• **INPUT**
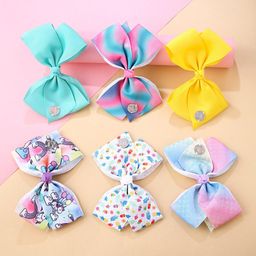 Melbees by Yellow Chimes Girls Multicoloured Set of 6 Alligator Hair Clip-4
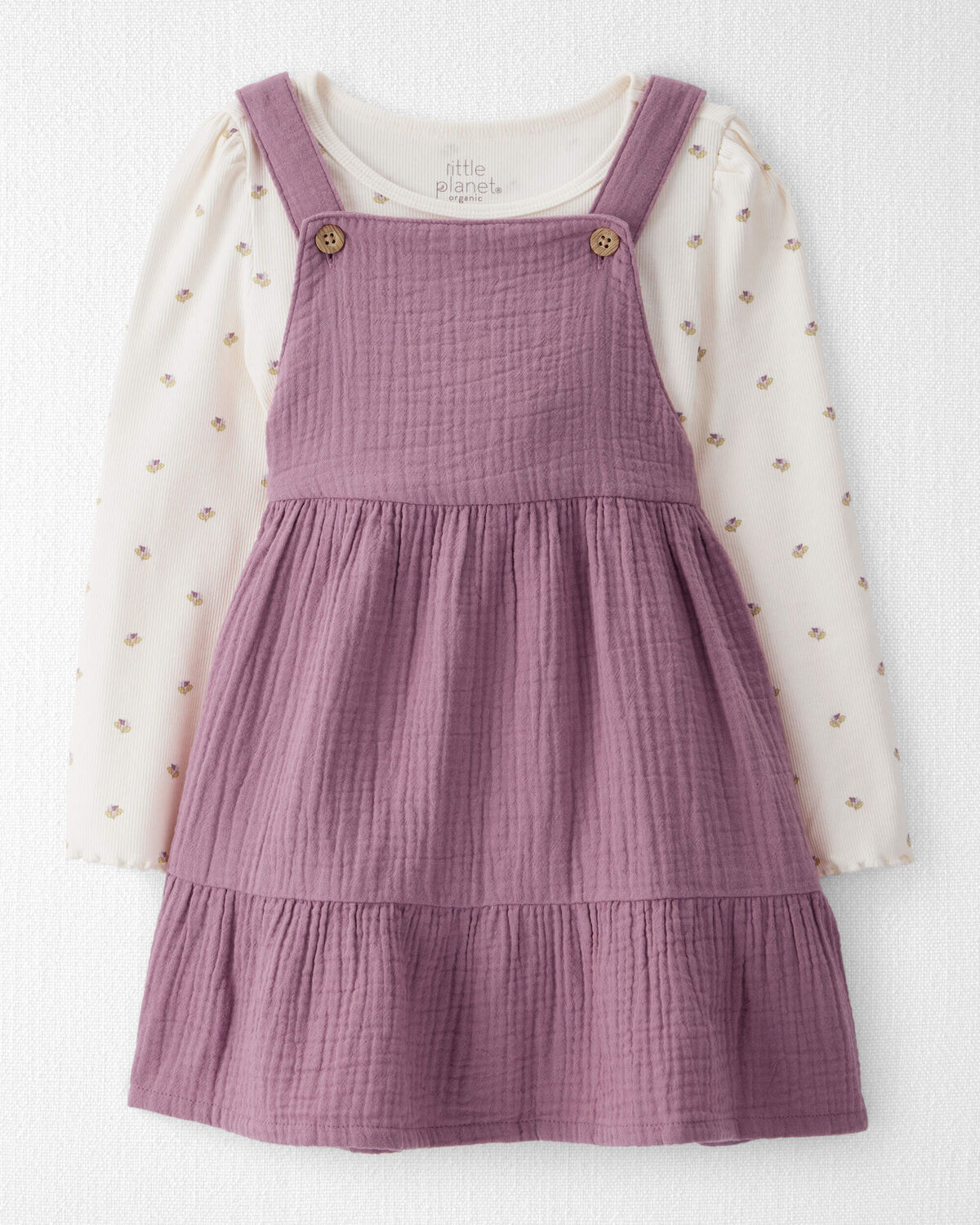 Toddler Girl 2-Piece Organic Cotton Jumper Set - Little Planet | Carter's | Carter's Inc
* * *
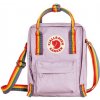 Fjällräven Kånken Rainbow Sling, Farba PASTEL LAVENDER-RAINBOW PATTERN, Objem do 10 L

• **WHAT YOU ARE ASKED TO DO**
Copy exactly the material above from the line with "Melbees by Yellow" to the line with "Toddler Girl 2-Piece", ends included, and nothing else. Leave out any picture.

• **ANSWER BELOW**
 Melbees by Yellow Chimes Girls Multicoloured Set of 6 Alligator Hair Clip-4
 Toddler Girl 2-Piece Organic Cotton Jumper Set - Little Planet | Carter's | Carter's Inc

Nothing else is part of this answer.